Models Weights not Initialized
Hi,
I am trying to run cdsBERT using the provided code. When loading the model either using CPU or GPU, I am getting some warnings about the weights not loaded from checkpoint. Is this normal behavior? I also get an AttributeError (see below).
2023-09-25 16:40:21.633712: I tensorflow/core/platform/cpu_feature_guard.cc:182] This TensorFlow binary is optimized to use available CPU instructions in performance-critical operations.
To enable the following instructions: AVX2 FMA, in other operations, rebuild TensorFlow with the appropriate compiler flags.

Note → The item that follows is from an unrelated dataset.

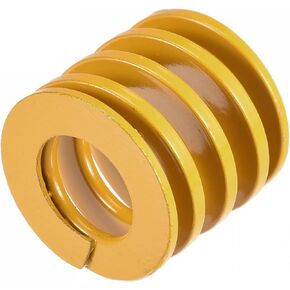 uxcell 3D Printer Die Spring, 27mm OD 30mm Long Spiral Stamping Light Load Compression Mould Die Springs for 3D Printer Electric Part, Yellow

2023-09-25 16:40:40.924721: W tensorflow/compiler/tf2tensorrt/utils/py_utils.cc:38] TF-TRT Warning: Could not find TensorRT
Some weights of BertForMaskedLM were not initialized from the model checkpoint at lhallee/cdsBERT and are newly initialized: ['cls.predictions.transform.LayerNorm.weight', 'cls.predictions.transform.LayerNorm.bias', 'cls.predictions.transform.dense.weight', 'cls.predictions.decoder.bias', 'cls.predictions.transform.dense.bias', 'cls.predictions.bias']
You should probably TRAIN this model on a down-stream task to be able to use it for predictions and inference.
Traceback (most recent call last):
File "../scripts/test.py", line 52, in
matrix_embedding = model(**example).last_hidden_state.cpu()
AttributeError: 'MaskedLMOutput' object has no attribute 'last_hidden_state'
Hello! This is the feature extraction checkpoint. So use BertModel instead of BertForMaskedLM. I updated the documentation and uploaded the MLM checkpoint. Please see our preprint and/or the model cards for the difference between the checkpoints. Let me know if there are any other issues!
Hi,
Thank you for the suggestion. I updated BertForMaskedLM to BertModel. I can get the features now. I do get this following warning:
To enable the following instructions: AVX2 FMA, in other operations, rebuild TensorFlow with the appropriate compiler flags.
2023-09-29 11:25:37.062213: W tensorflow/compiler/tf2tensorrt/utils/py_utils.cc:38] TF-TRT Warning: Could not find TensorRT
Some weights of BertModel were not initialized from the model checkpoint at lhallee/cdsBERT and are newly initialized: ['bert.pooler.dense.weight', 'bert.pooler.dense.bias']
You should probably TRAIN this model on a down-stream task to be able to use it for predictions and inference.
I would be grateful if you could let me know this is normal.
Yes, this is normal with some Bert models. You can train the pooler_output, (instead of last_hidden_state) which gives a vector based on the [CLS] token, for fine-tuning other tasks. However, if you use it without training it will be randomized. If you are using the last_hidden_state only this does not cause any problems.